[ACTIVITY]: Only a number is wanted here, namely how many lines of the data contain the string "Coffee".

(Records excerpted from a collection)
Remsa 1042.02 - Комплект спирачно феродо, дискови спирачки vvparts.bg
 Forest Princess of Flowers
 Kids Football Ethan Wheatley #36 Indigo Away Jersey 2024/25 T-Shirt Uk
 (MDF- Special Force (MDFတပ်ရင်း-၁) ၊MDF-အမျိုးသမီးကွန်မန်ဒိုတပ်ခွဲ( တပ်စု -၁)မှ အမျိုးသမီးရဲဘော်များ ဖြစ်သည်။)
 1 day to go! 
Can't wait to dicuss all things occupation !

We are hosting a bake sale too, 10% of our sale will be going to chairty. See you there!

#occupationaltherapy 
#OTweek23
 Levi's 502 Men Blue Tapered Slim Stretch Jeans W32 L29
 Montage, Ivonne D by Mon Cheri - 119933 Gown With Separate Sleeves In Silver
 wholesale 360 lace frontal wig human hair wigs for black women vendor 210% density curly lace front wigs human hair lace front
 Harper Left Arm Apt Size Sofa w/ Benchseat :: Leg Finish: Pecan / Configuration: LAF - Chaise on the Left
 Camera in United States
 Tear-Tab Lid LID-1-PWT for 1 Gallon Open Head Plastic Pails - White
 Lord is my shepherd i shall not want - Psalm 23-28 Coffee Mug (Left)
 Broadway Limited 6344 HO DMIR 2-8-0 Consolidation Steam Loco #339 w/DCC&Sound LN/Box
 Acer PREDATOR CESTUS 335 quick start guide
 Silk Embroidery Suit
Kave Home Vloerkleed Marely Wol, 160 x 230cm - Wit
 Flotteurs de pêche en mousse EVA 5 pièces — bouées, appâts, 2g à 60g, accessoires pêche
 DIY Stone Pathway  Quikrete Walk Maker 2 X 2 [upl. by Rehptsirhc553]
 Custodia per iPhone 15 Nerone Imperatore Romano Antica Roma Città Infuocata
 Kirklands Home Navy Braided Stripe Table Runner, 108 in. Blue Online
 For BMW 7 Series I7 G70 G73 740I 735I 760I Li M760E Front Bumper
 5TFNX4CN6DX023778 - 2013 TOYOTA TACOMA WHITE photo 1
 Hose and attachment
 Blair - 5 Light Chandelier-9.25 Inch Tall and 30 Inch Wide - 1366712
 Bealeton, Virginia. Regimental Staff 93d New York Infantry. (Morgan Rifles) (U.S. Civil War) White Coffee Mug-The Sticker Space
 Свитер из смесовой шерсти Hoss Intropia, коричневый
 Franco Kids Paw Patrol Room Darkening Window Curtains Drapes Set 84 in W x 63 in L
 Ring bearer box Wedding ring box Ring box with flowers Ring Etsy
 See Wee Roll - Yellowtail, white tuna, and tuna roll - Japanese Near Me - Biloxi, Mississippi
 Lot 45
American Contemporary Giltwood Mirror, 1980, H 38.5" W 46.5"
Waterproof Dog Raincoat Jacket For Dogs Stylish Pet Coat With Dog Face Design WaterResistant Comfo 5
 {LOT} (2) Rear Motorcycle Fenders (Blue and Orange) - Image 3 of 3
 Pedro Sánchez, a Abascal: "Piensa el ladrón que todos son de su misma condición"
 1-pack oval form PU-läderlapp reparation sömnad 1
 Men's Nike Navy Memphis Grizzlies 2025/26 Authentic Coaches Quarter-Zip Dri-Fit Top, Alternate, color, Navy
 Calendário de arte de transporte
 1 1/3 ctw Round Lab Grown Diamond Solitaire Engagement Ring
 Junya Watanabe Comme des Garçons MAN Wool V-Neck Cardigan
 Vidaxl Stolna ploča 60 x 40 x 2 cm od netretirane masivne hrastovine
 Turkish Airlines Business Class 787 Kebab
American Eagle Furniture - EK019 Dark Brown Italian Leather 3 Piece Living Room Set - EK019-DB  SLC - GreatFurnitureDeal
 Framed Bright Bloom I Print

[TASK RESPONSE]: 2